I wanted to ask what’s the expected support for CUDA 11.4 in Clang? We want to update from 10.2 to 11.4, and came across the following issue when compiling:
Just by including this header, and compiling for “–cuda-gpu-arch=sm_61”, we get the following error building with Clang:
/usr/local/cuda-11.4/targets/x86_64-linux/include/cooperative_groups/details/partitioning.h:85:32: error: use of undeclared identifier ‘__match_any_sync’
unsigned int subMask = __match_any_sync(thisMask, pred);
The error goes away if we use sm_70 or later, but we need sm_61 in my application.
Cooperative groups have been working just fine since they were introduced in CUDA 9, so I wonder why this would break now. NVCC has no problems with the above code. Clang can also build it just fine on CUDA 10.2.

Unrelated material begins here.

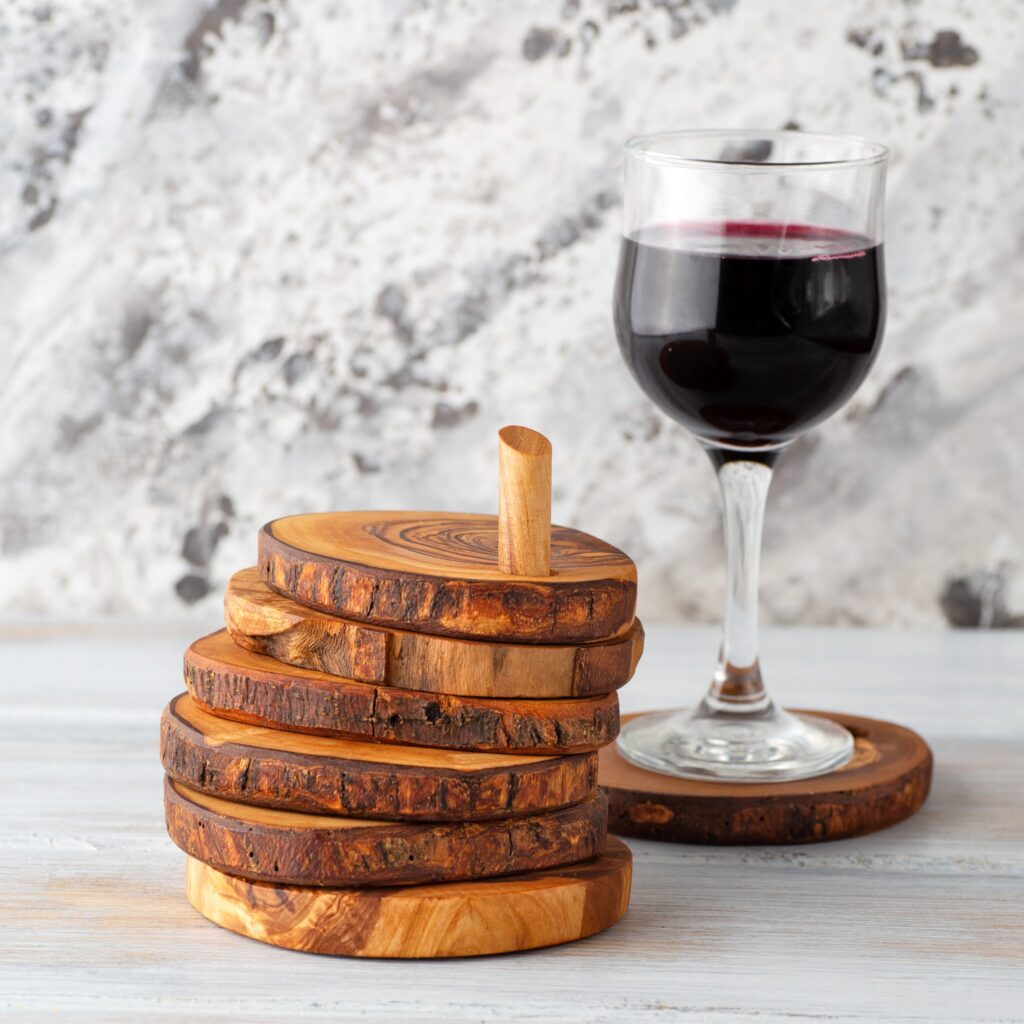 A wooden coaster with a glass of wine next to it.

Digging a bit deeper, I can narrow it down to this:
device void foo()
The above code compiles fine with NVCC + sm_61. However, if I remove the template, then NVCC complains that __match_any_sync is not defined. Clang complains regardless.
Does this make any sense? Is NVCC doing some magic that allows it to ignore undeclared functions if they are used in a non-instantiated template function?

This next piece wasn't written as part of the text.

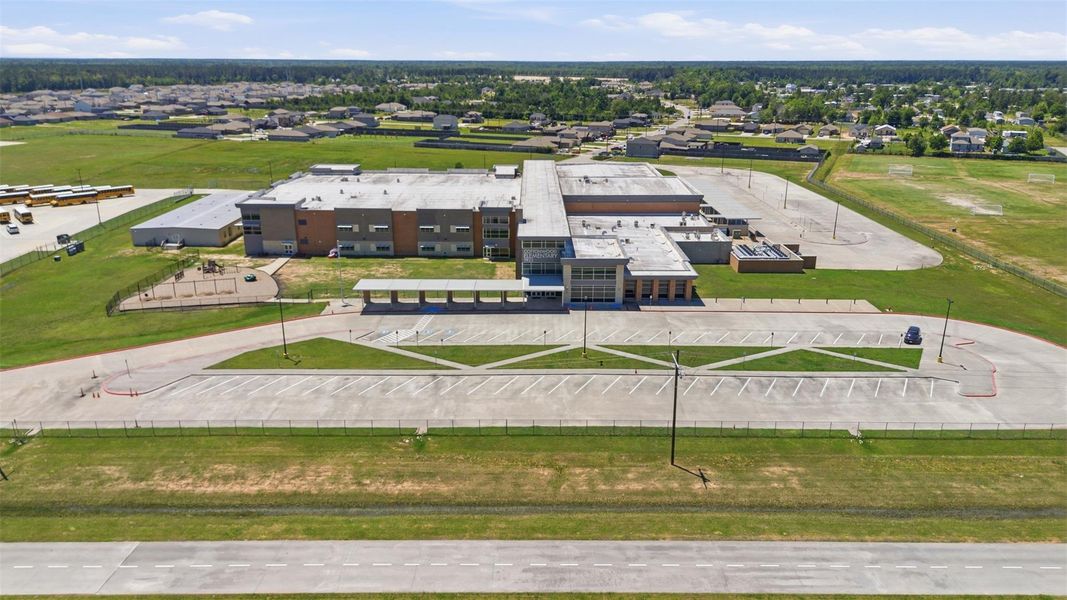 School building with ample parking and sports fields, set in a suburban neighborhood. Ideal for families seeking proximity to educational facilities.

PS: from what I understand, __match_any_sync is indeed only available on SM 7.0 or later. I still wonder how NVCC can handle this, is it a bug or a feature? Should Clang be updated to match NVCC?
PS2: The problem goes away in CUDA 11.5, even though it’s not officially supported in Clang. I get a warning but the code compiles. I can still see the __match_any_sync function in the CUDA header so I don’t understand what’s happening. Is Clang really compiling, or what does it do when using a “too new” CUDA version?